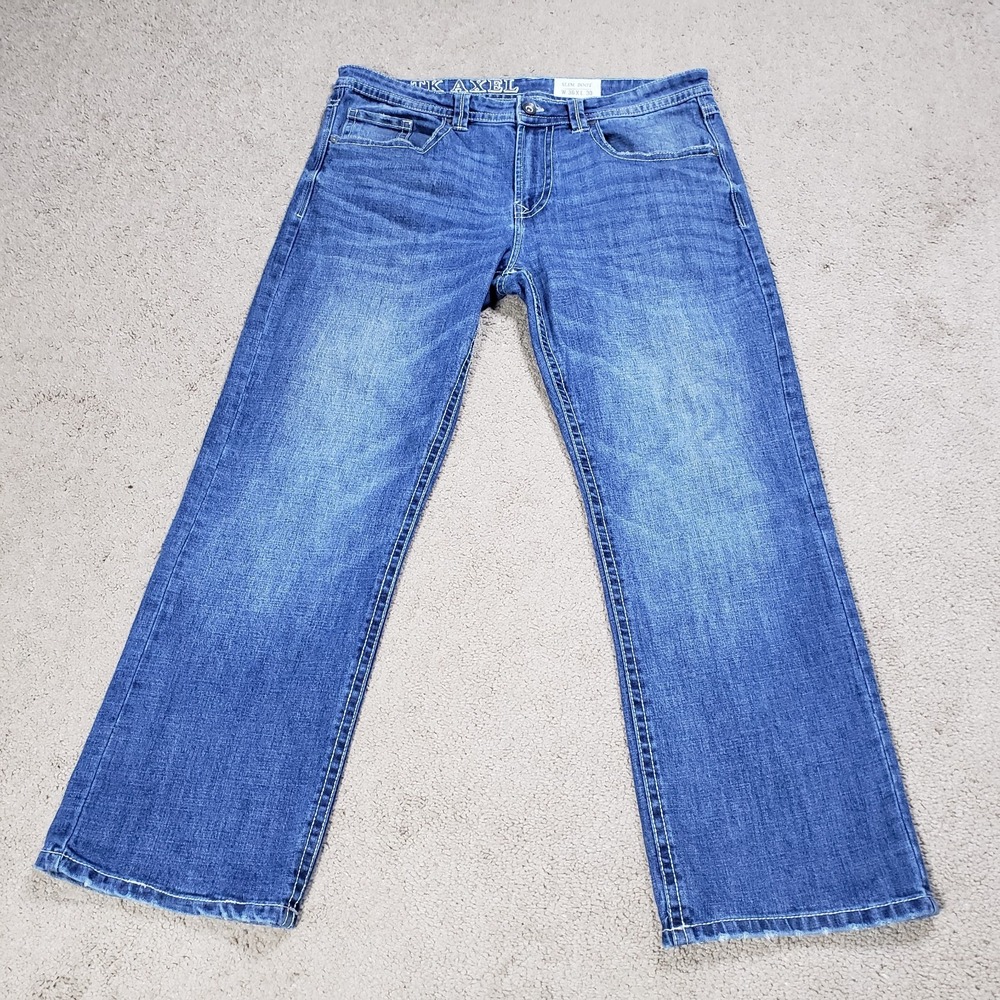 TK Axel Men's Slim Boot Jeans 36x30* Blue Denim Pants Whiskered‎ Outdoor Western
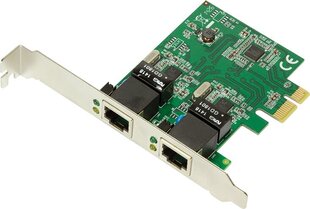 LogiLink 2-port Gigabit LAN PCIe (PC0075) цена и информация | Регуляторы | hansapost.ee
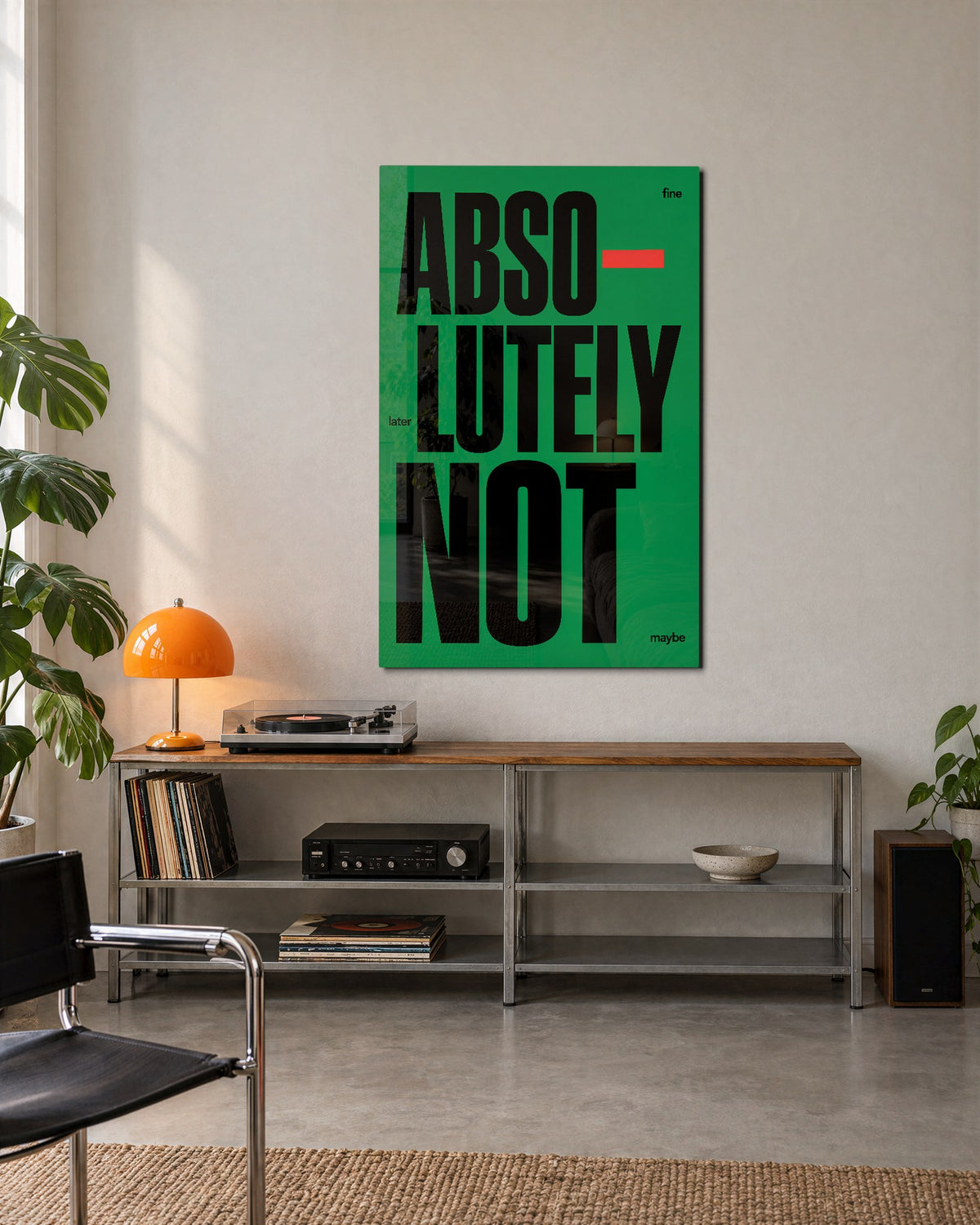 A Firm No, Three Lines glass wall art, lifestyle view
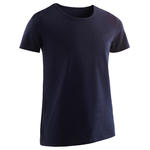 Domyos T-shirt met korte mouwen voor gym jongens 100 marineblauw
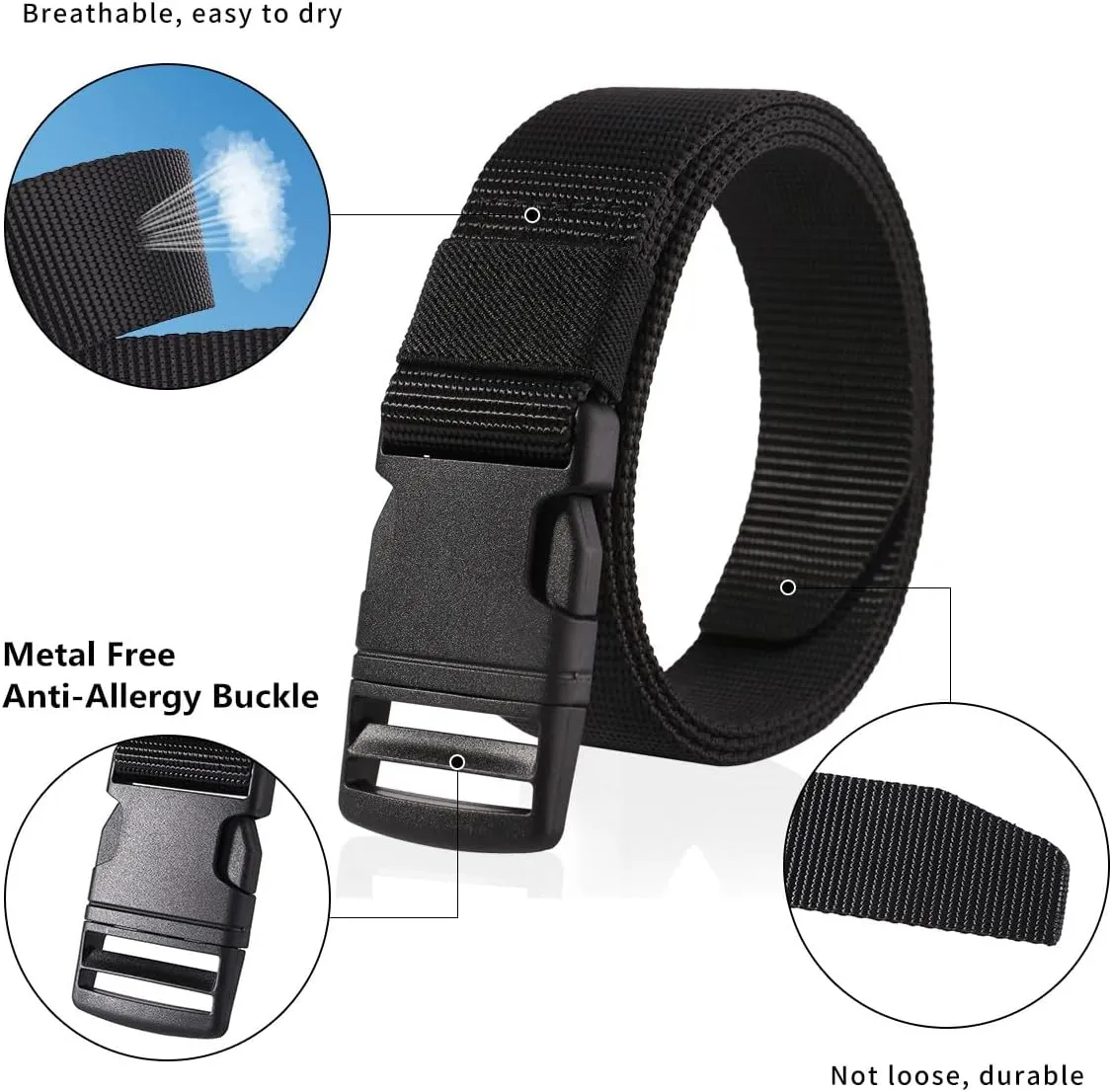 Nylon Belts for Men 1.5inch Military Tactical Belt Adjustable Slide Plastic Buckle Web Canvas Belt Outdoor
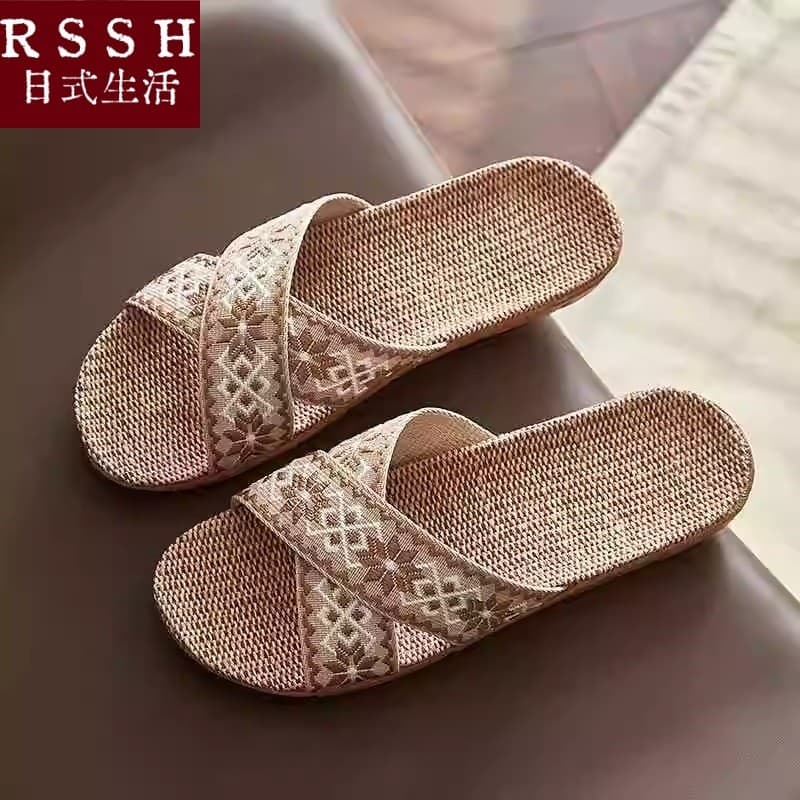 Sandálias de linho japonesas chinelos femininos verão 2025 novo estilo casa ao ar livre Wear masculino interior antiderr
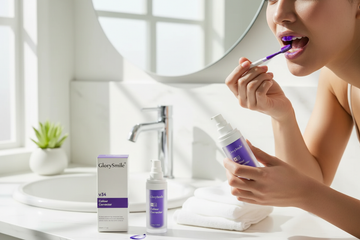 Person applying V34 purple serum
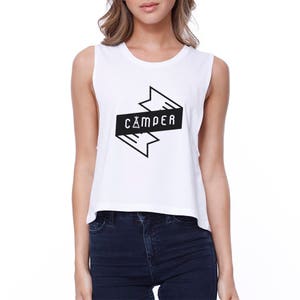 OUTDOOR | Camper White Sleeveless Simple Trendy Stylish Graphic Croptop (JCR125WT)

Goal of the exercise -> Extract the run of lines beginning with the line that holds "A Firm No, Three" and ending at the last line of the data, inclusive. Exclude any pictures from the copy.

Response to this task ->
 A Firm No, Three Lines glass wall art, lifestyle view
 Domyos T-shirt met korte mouwen voor gym jongens 100 marineblauw
 Nylon Belts for Men 1.5inch Military Tactical Belt Adjustable Slide Plastic Buckle Web Canvas Belt Outdoor
 Sandálias de linho japonesas chinelos femininos verão 2025 novo estilo casa ao ar livre Wear masculino interior antiderr
 Person applying V34 purple serum
 OUTDOOR | Camper White Sleeveless Simple Trendy Stylish Graphic Croptop (JCR125WT)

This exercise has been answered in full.